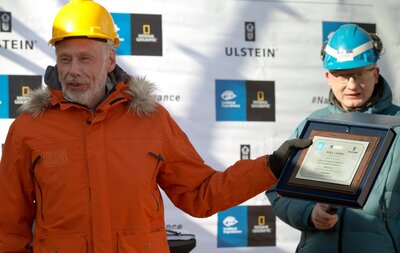 Sven Lindblad with a keel laying ceremony  diploma, photo by Piotr Czarnecki.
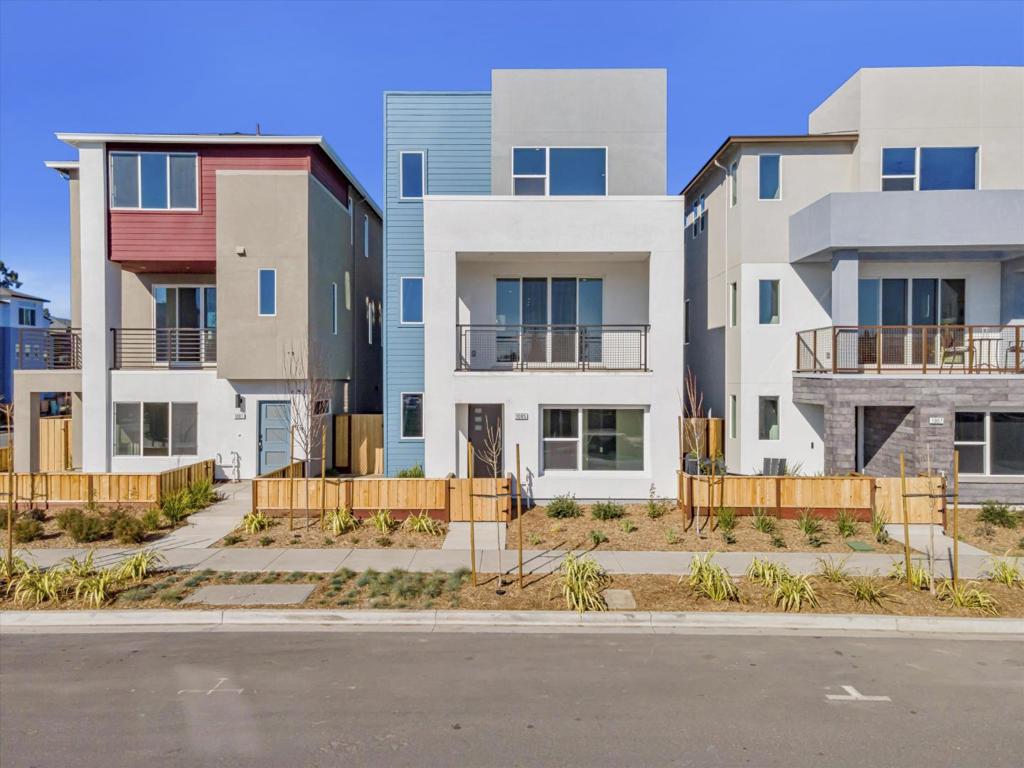 1015 Sinopia Terrace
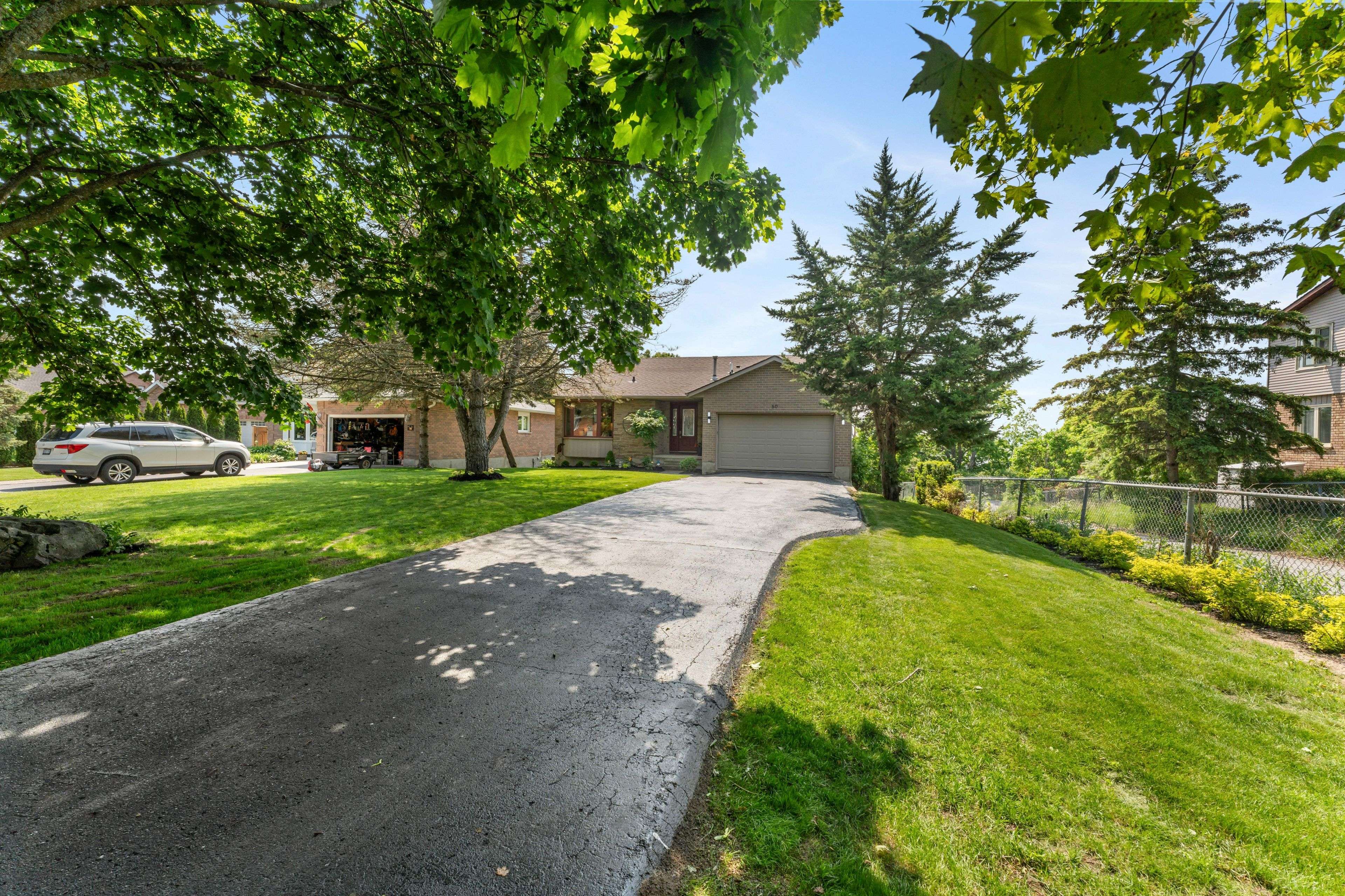 Kingston, ON K7K 6L8,80 Limeridge DR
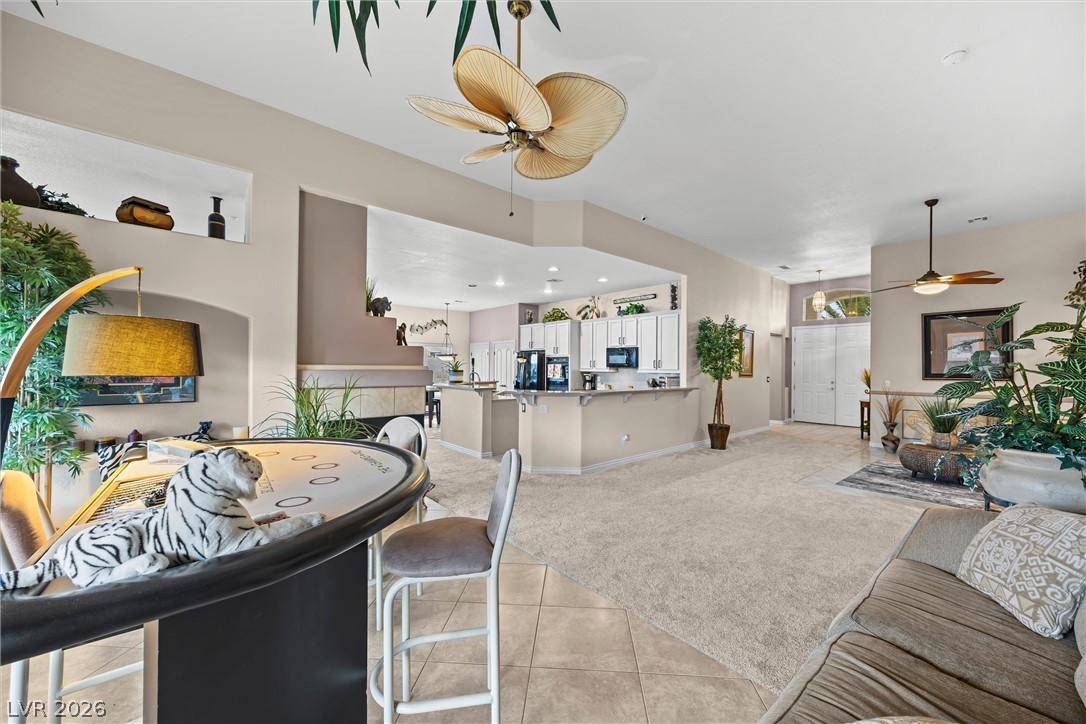 5562 Oakview Falls Court Las Vegas NV 89148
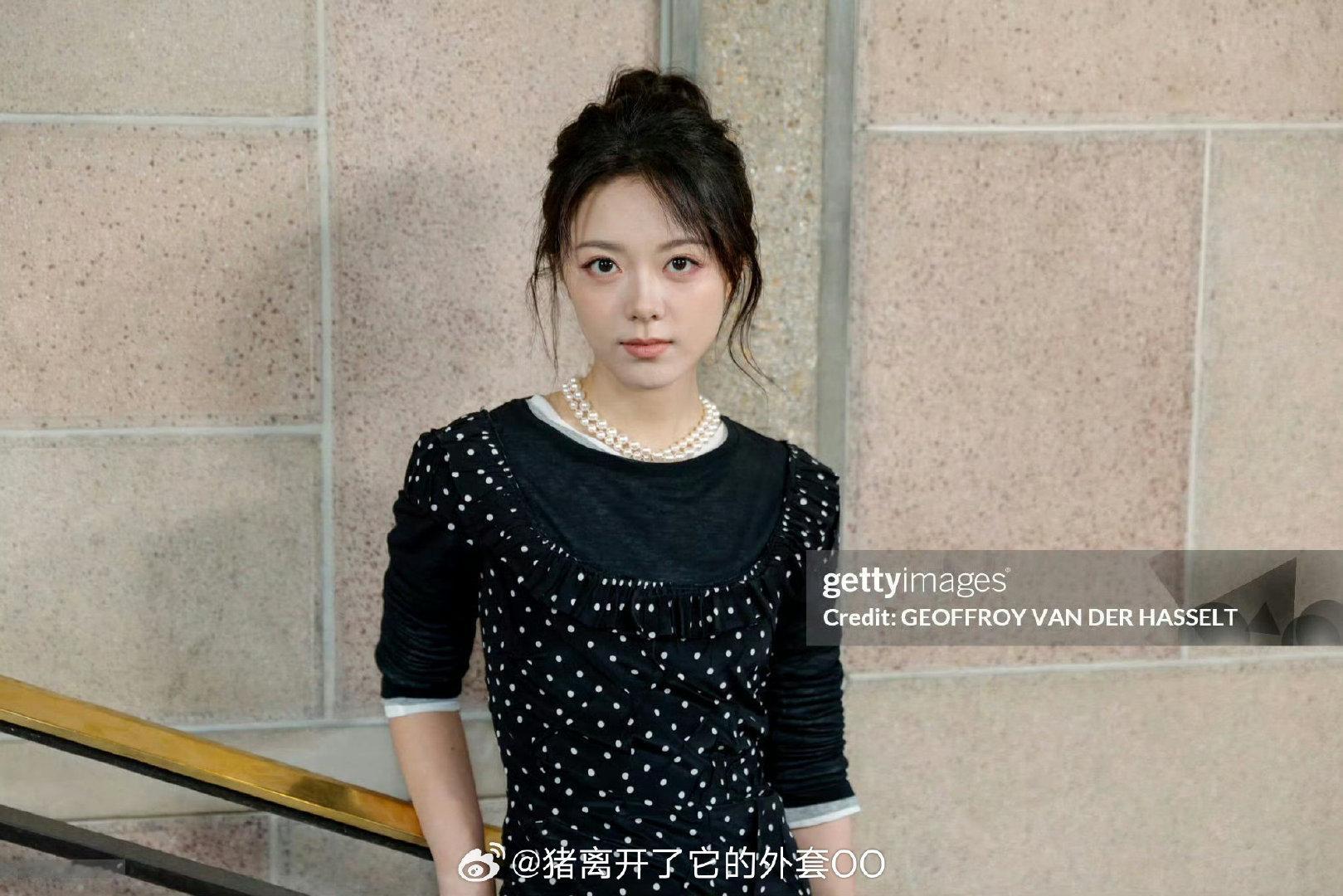 赵今麦在Miu Miu大秀中的精彩表现令人惊艳，她的G社生图更是展现了无与伦比的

•••••

• [HOW TO COMPLETE THIS TASK]: What must be output is the exact run of lines from the one holding "5562 Oakview Falls Court Las Vegas NV 89148" through the end of the entries above, both ends included, minus the pictures.

• [EXERCISE SOLUTION]:
 5562 Oakview Falls Court Las Vegas NV 89148
 赵今麦在Miu Miu大秀中的精彩表现令人惊艳，她的G社生图更是展现了无与伦比的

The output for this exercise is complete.